As mentioned in Snapcraft Office Hours #2-2017-07-07, cross compiling for go plugin has been well supported. still there is a great need to support Python plugin
Hence as @kalikiana suggested, I open this post for discussion on the progress and the testing of cross-compiling support for python plugin.
I did some research and found distutilscross which seems to make setup.py aware of cross-compilation if a few environment variables point it to the desired configuration. So far so good.

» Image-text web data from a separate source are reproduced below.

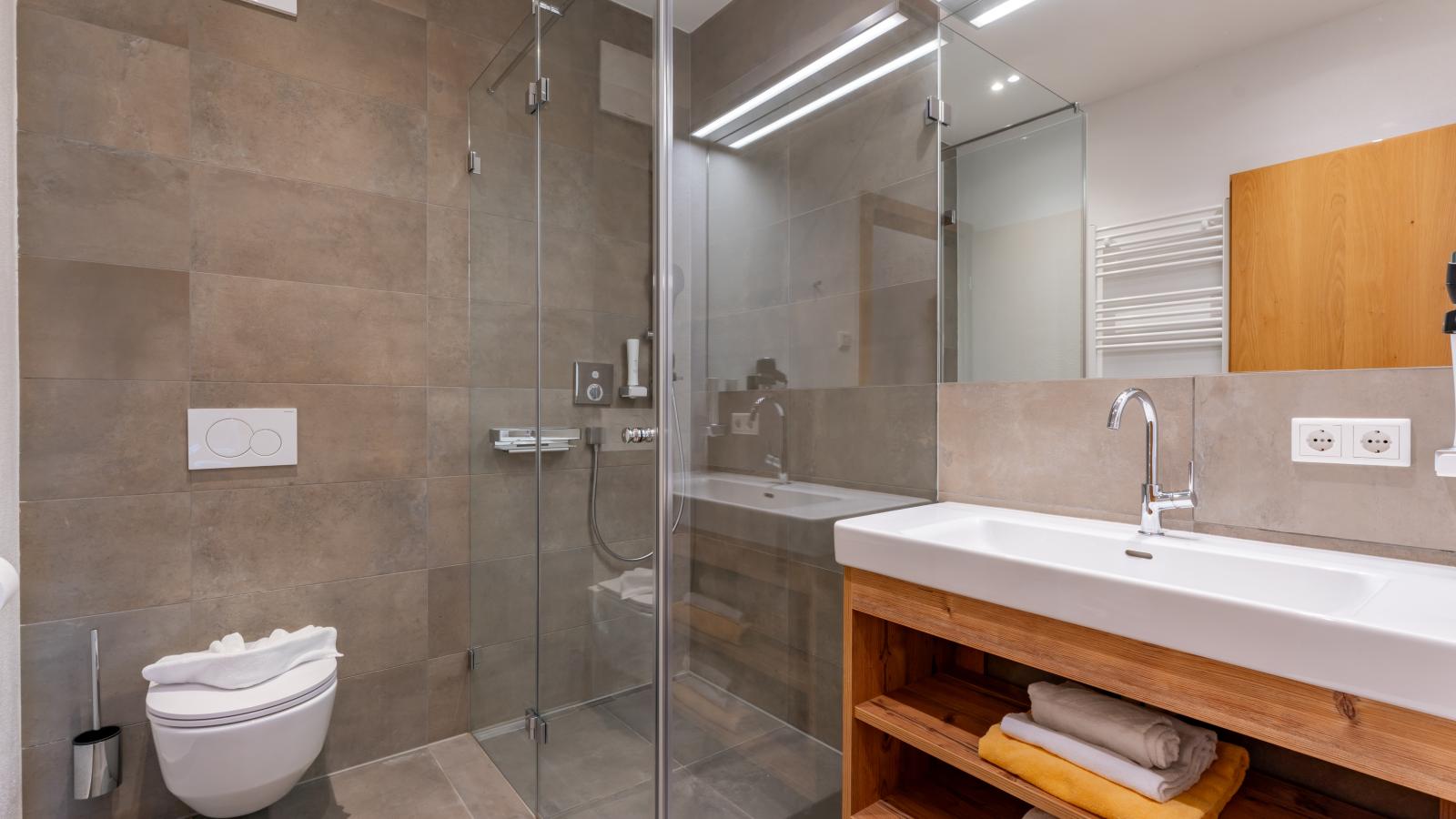 Tauern Suites Mitterwirt TOP 324-Bathroom
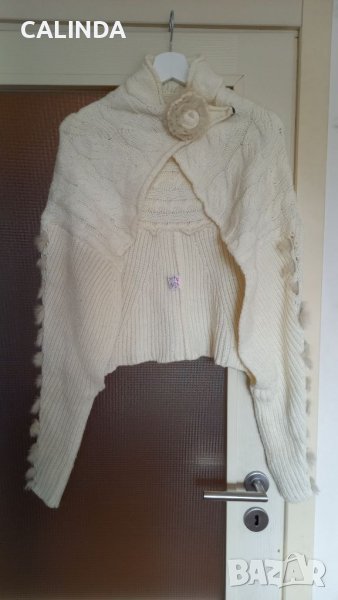 Бяла/екрю/жилетка от мохер и вълна с цвете, снимка 1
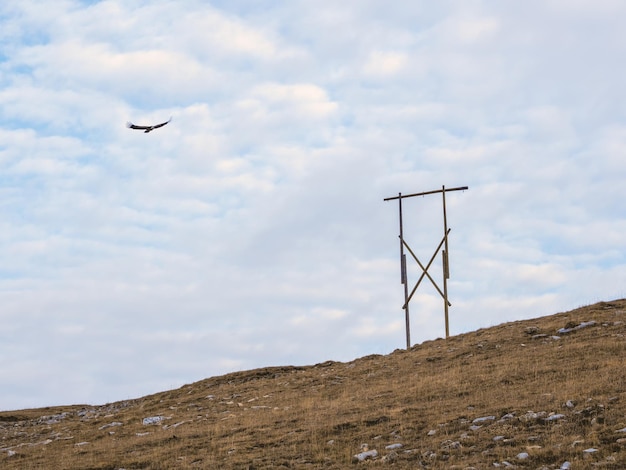 Ancien poteau télégraphique Supports en bois dans la steppe mongole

Unfortunately installing python3-dev for a target architecture, eg. python3-dev:armhf, conflicts with native packages. I’ve seen this happen with glib2.0-dev before, but in this case it’s worse because it affects non-development packages as well and in the attempt I removed snapd among other important things. This seems like a no-go because it’s unusable on a desktop machine.
I’m going to look into downloading Python binaries separately to avoid this problem.
Hey, I’ve made a Docker image for cross-compiling any unsupported snap on the armhf architecture. I’m using it routinely to build my node.js based snaps, which require native compilation and do not offer native snapcraft cross-compile support.
You’ll find the instructions here: https://github.com/dawidcrivelli/snapcraft_armhf . The readme supposes you have your sources in a src subfolder, but that’s very easily changed. Just use change the line
docker run -d --rm -v $PWD/build/armhf:/build snaparm sh -c "snapcraft clean && snapcraft"
to
docker run -d --rm -v ANY_ABSOLUTE_PATH:/build snaparm sh -c "snapcraft clean && snapcraft
You’ll find the compiled _armhf.snap file in the path you specified
Now I’d like to move to snapcraft 3.x
Does someone has experience to do cross-compilation to armhf with snapcraft 3.x. @dawid did you already experiment with that? Thanks
There are no plans, sorry. If someone wants to contribute a very robust implementation which can deal with C-bindings we might consider it. In the meantime, snapcraft remote-build (available on 3.9.1 on the candidate channel) is the next best alternative for public projects
Yo, it’s me, the necromancer, digging around in the archives again.
I was gonna take a look at that docker image, but I also wanted to poke y’all about Python cross compilation support again. Why does it not support cross-compilation? Is it just problems with package conflicts? Has anybody picked this up again?